La rabbia è una malattia infettiva acuta, scarsamente contagiosa, con manifestazioni a carico del sistema nervoso centrale rapidamente progressive, sostenuta da un virus appartenente alla famiglia dei rabdovirus, genere Lyssavirus. La sua diffusione è pressoché mondiale ad eccezione di Australia, Regno Unito, Giappone e Paesi Scandinavi. Colpisce animali selvatici e domestici e si può trasmettere all’uomo (zoonosi) e ad altri animali attraverso il contatto con saliva di animali malati e/o infetti, quindi con morsi, ferite, graffi, soluzioni di continuo della cute o contatto con mucose anche integre. Il cane, per il ciclo urbano,  e la volpe, per il ciclo silvestre, sono attualmente gli animali maggiormente interessati sotto il profilo epidemiologico, tuttavia sono coinvolti come reservoir anche il racoon dog (Nyctereutes procyonoides) e diverse specie di pipistrelli insettivori.
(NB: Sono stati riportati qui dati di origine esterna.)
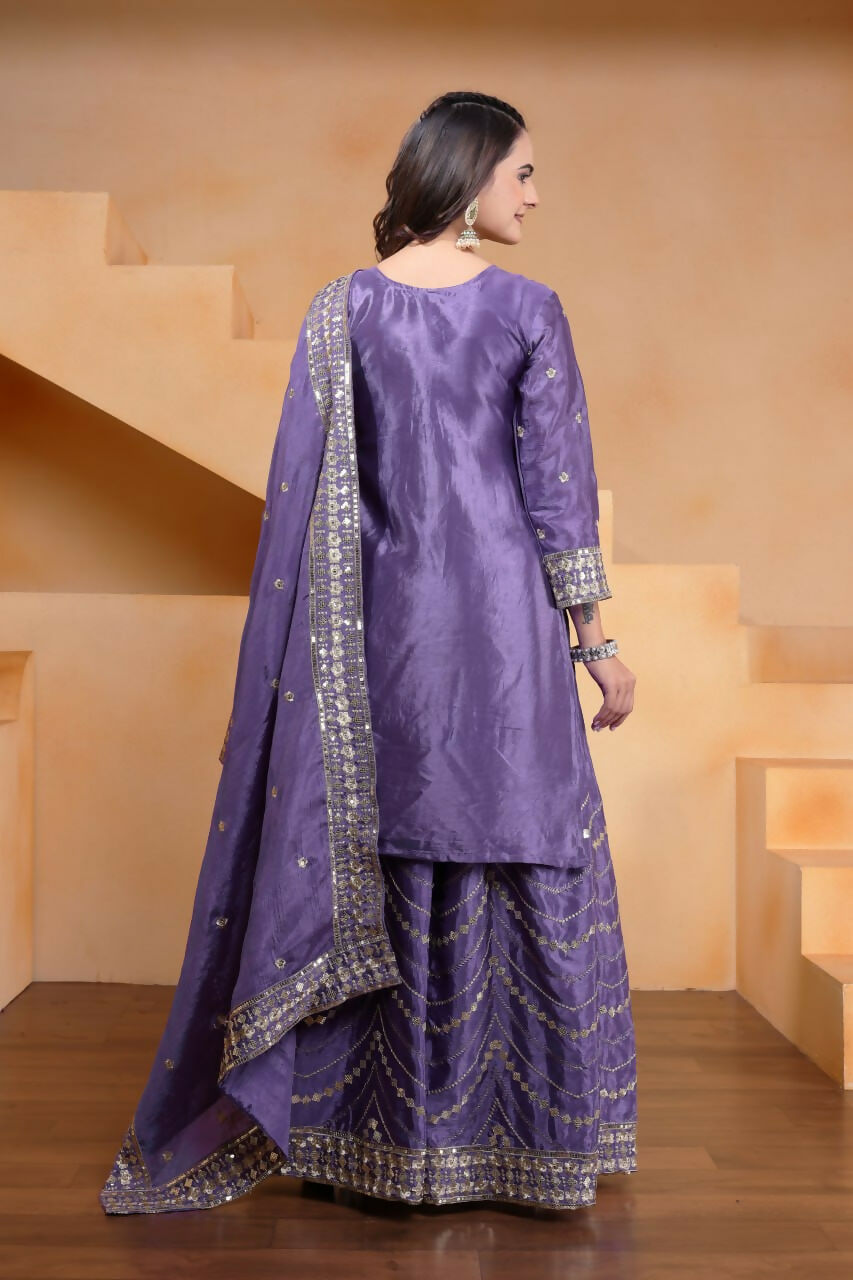 Joban Fashion Purple Silk Embroidered Sharara Set - Distacart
La malattia determina una encefalite con decorso clinico caratterizzato da due possibili forme forma furiosa e forma paralitica entrambe con una prima fase caratterizzata da sintomi generici  e poco specifici a carico del sistema respiratorio, gastrointestinale e il sistema nervoso centrale (variazioni nel comportamento). Data l’elevata letalità che la caratterizza, la rabbia rappresenta una malattia a notevole impatto sociale, poiché non esiste terapia dopo la comparsa dei sintomi. La prevenzione su base vaccinale, sia pre-esposizione che post-esposizione, riveste dunque un ruolo determinante per la gestione della malattia negli animali e negli uomini.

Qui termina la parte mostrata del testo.